Indepency to enhance accuracy on power curve measurements

Introduction

Most of the wind farm owners in the world struggle with the decision of executing power curve tests on their wind farms. The investment is not marginal and the return of investment is not always evident.
Uncertainties (often incorporated into the contractual guaranty algorithms) let many stakeholders be sceptic when uncertainties are higher than 5% as power-curve test results are hardly useable as truthful inputs for the financial models or guarantee claims.


Approach

Best practices have clear impact on accuracy, and tiny investment on high-class tests will pay off. However there are powerful additional and powerful resources for uncertainty reduction that are rarely considered: averaging, correlation and independency.
How can we make use of those concepts? The answer is redundancy (of measurement systems, increase of the population under test, etc). Redundancies will derive into less uncertainty if there is certain degree of independency


Main body of abstract

The idea is simple, but requires a precise characterization of correlation factors. With this aim, DEWI, in cooperation with ACCIONA ENERGY is working in a research project in the wind farm Gostyn II located in Poland. With the results of the different test combinations (with variety of degrees of dependency and different averaging options), uncertainty contributions for averaged results will be more accurately determined. The measurement is ongoing and the results are expected by mid of summer.

Conclusion

The correct application of those ideas is as a powerful tool to decrease uncertainties without inflating costs. But it is even better to know that this is not only limited to power curve tests but all the wind energy different stages (resource, operations, etc.).
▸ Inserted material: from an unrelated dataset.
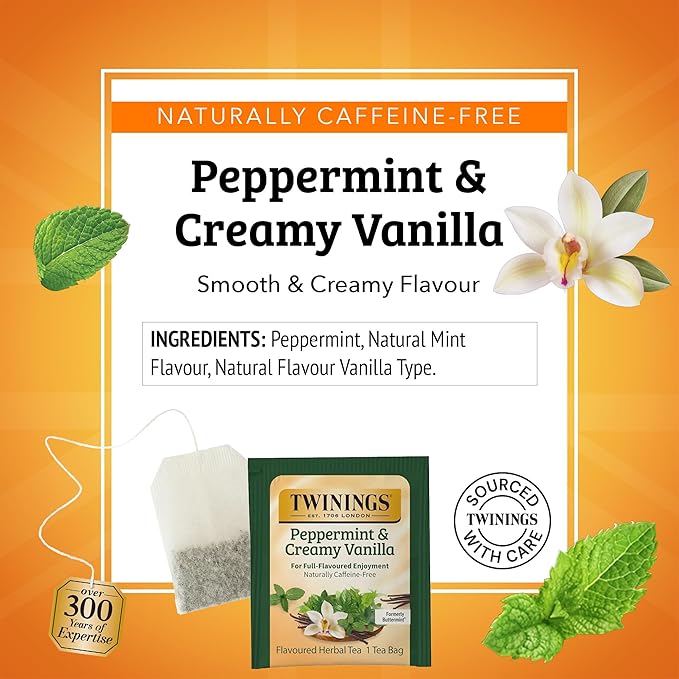 Twinings Peppermint & Creamy Vanilla Herbal Tea Individually Wrapped Bags, 20 Count (Pack of 2), Formerly Buttermint, Naturally Caffeine-Free, Enjoy Hot or Iced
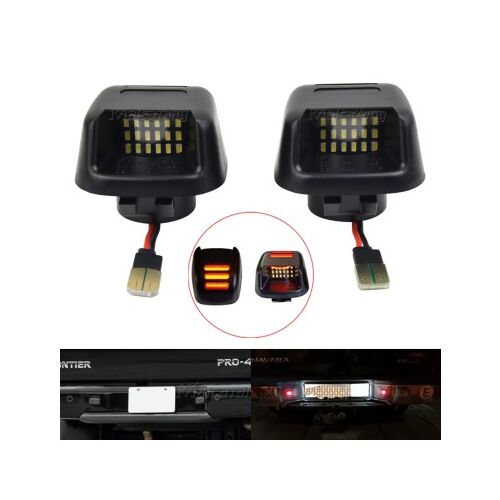 Lumini LED pentru plăcuța de înmatriculare Nissan Navara D40, Armada, Titan, Xterra și Suzuki Equator, vedere instalată și prim-plan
Facing these questions rigor is key as it has the potential to revolution the wind energy business.


Learning objectives
Delegates will realize and learn that there are tangible ways of reducing uncertainty by applying concise and mathematical concepts. The results that will be presented will allow to debrief the different assumptions and let the delegates to design their own tests and evaluations to enhance the accuracy of their measurements and assessments.